Dorrit Jacob is a specialist in trace element and isotope geochemistry at the Geocycles Research Center of the University of Mainz, Germany, where she works as both laboratory manager of the ICP-MS laboratory and leader of the new Biomineralization Group. She studied mineralogy for her MSc thesis in Mainz, establishing a microchemical technique for the analysis of three radiogenic isotope systems on single garnet grains. She moved on to a PhD at Göttingen, where she established the origin of eclogite xenoliths in kimberlites as former ocean crust of Archean age. Following this, she worked as a postdoc at the universities of Göttingen and Greifswald. In 2004 she moved to Mainz and set up a biomineralization research lab within the newly established Geocycles Research Center in 2006. She has twice set up a Laser-ICP-MS laboratory from scratch, in Greifswald and in Mainz. She is best known for her work on the microgeochemistry of eclogites and on the role of amorphous calcium carbonate as a precursor phase in the formation of carbonate biominerals.
Anselm Loges graduated in mineralogy (Diplom) at the University of Tübingen in 2008 with a thesis on the oxidation of silicon carbide. After this work in technical mineralogy, he completed his dissertation in petrology (University of Tübingen) on element transport, particularly of the REE, in hydrothermal systems. His thesis included studies of natural samples from southwestern Germany but also experimental work at McGill University, Montréal. In 2012, he joined the Mineralogy and Petrology Group at Technische Universität Berlin for his postdoctoral research. Anselm's primary field of interest is the hydrothermal transport of elements, with emphasis on quantitative thermochemical data for the complexation and speciation of HFSE and REE by naturally relevant ligands.
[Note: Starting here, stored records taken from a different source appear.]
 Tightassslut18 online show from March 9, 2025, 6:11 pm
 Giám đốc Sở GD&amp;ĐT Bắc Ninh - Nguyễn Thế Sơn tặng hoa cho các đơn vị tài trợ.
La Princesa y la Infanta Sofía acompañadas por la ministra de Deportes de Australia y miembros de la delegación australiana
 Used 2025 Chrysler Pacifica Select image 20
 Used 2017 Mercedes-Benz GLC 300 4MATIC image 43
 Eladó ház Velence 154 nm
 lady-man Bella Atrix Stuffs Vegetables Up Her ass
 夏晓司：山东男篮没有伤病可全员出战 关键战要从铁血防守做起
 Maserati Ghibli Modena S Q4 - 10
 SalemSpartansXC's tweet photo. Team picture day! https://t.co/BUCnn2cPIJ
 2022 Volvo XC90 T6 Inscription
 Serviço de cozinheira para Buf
His current research focuses on the interplay between volatile and highly insoluble elements and the implications of this interplay for ore-forming hydrothermal processes.
Gregor Markl completed in 1994 an MSc thesis on beryl- and Sn-bearing greisen systems in the Schwarzwald, Germany, after studies in physics, chemistry and mineralogy at Freiburg University, Germany. His PhD, with Kurt Bucher in Freiburg, dealt with halogen systematics in lower-crustal rocks from Lofoten, Norway. Since then, Gregor has worked on the petrology and geochemistry of hydrothermal ore deposits, of peralkaline rocks, of anorthosite-charnockite suites, and on REE systematics in various high- and low-temperature environments. In 1998 he was appointed professor of petrology at Tübingen University, Germany, and since 2005 he has been the chair of petrology at Tübingen. In 2001, he won the prestigious Krupp Award for Young University Teachers. In 2005-2006, he was president of the German Mineralogical Society (DMG). Since 2009, he has been a member of the German National Academy of Sciences Leopoldina. He has written 4 books and has published more than 100 peer-reviewed papers as first author or coauthor.